It's one of a few reasons. Macs have worse thermal characteristics than they should; part of that is Apple's fault for making such thin computers with poor ventilation, but part of that is Intel's fault for making such shitty hot chips. Of course there are other matters that can't be laid on Intel, like the keyboard fiasco, but that's beyond the point I think.

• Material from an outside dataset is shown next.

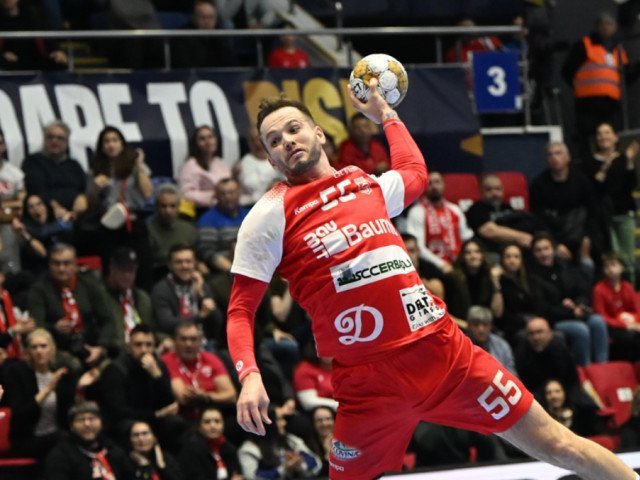 Dinamo joacă cu Kolstad, live video pe digi sport 3, ora 19:45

The display cables fraying "Flexgate"[1], the numerous battery recalls[2][3], that the iPhone and the MBP, as shipped, could not be connected to each other (the MBP came with USB-C to USB-C; the iPhone with USB-A to Lightning; the magic trackpads also suffered this)[4], the kernel panics with USB-C until they finally got patched, that the flagship monitor (admittedly an LG device, but advertised on Apple's website at the time) had issues with … Wi-Fi (just being near it, from improper shielding), that same display also had huge issues with disconnecting peripherals (you would connect to the display and get picture/power, but no peripherals), the crappy noisey RSI-inducing redesign of the already poor keyboard (admittedly subjective except for the objective pain in my wrist, but, e.g., [5]¹), the poor design of the device s.t. any breakage in a component results in the complete waste of the remaining good hardware as nothing is independently replaceable/servicable, routinely receiving a score of 1 out of 10 by iFixit, Apple fighting right to repair[6], … oh, and the keyboards breaking the entire laptop from a single grain of sand, the terrible suspend/resume times, … and I haven't upgraded to Catalina yet. I hear that's gone so well for so many.
Yeah, Intel's chips are not the biggest fish in the Apple fish fry.
I'm not even an Apple customer, I'm just forced to use them by my employer. (And it feels like most employers nowadays.)